Strategic Stability: Contending Interpretations
There is no question that Europe was the focal point for American strategy during the Cold War. From the end of World War II to the fall of the Berlin Wall, the European continent witnessed the largest buildup of military forces in human history. As a result, arms control became an invaluable diplomatic tool for ensuring stability between the superpower blocs and preserving Alliance solidarity. In this regard, “stability” is defined as the absence of war, and any nation wielding predominant power is considered stable. John Lewis Gaddis describes a “stable system” as generally being characterized by minimal direct violence, particularly between the superpowers. A stable system has methods to peacefully resolve disputes and ensure that low level disputes do not escalate to larger crises.
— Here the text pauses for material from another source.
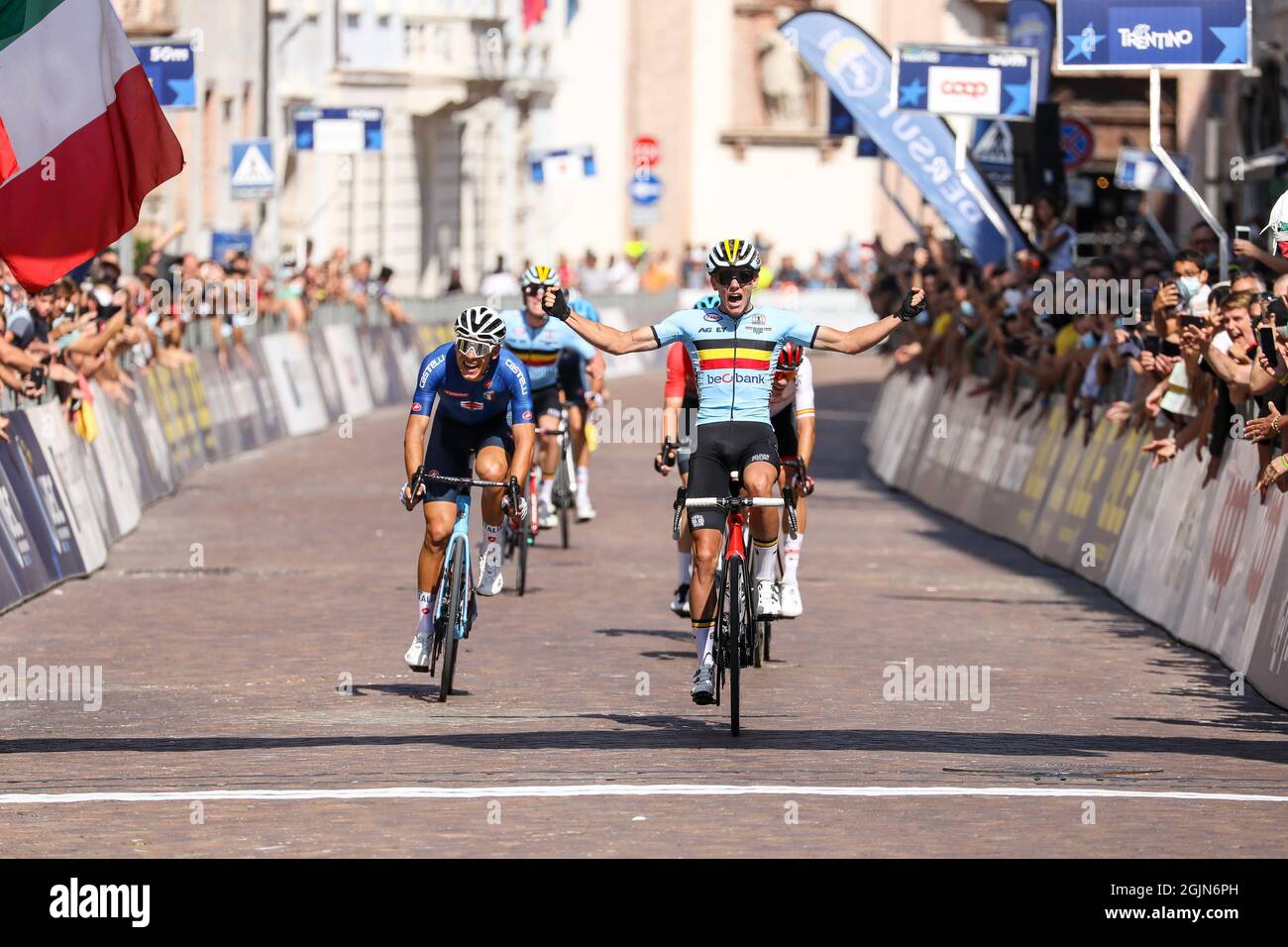 Trient, Italien. September 2021. Thibau NYS (Bel) während der UEC Road European Championships - Under 23 Men Road Race - Street Cycling Credit: Live Media Publishing Group/Alamy Live News Stockfoto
In a larger sense, a system might be stable if it is self-regulating in the sense that the principal members establish the means, including agreed procedures, to counteract pressures that might jeopardize peace and further agreed procedures to resolve disputes.
McCausland, Jeffrey D. "Conventional Weapons, Arms Control, and Strategic Stability in Europe." In Strategic Stability: Contending Interpretations, edited by Elbridge A. Colby and Michael S. Gerson, 271-294. Carlisle, PA: Strategic Studies Institute and U.S. Army War College Press, 2013.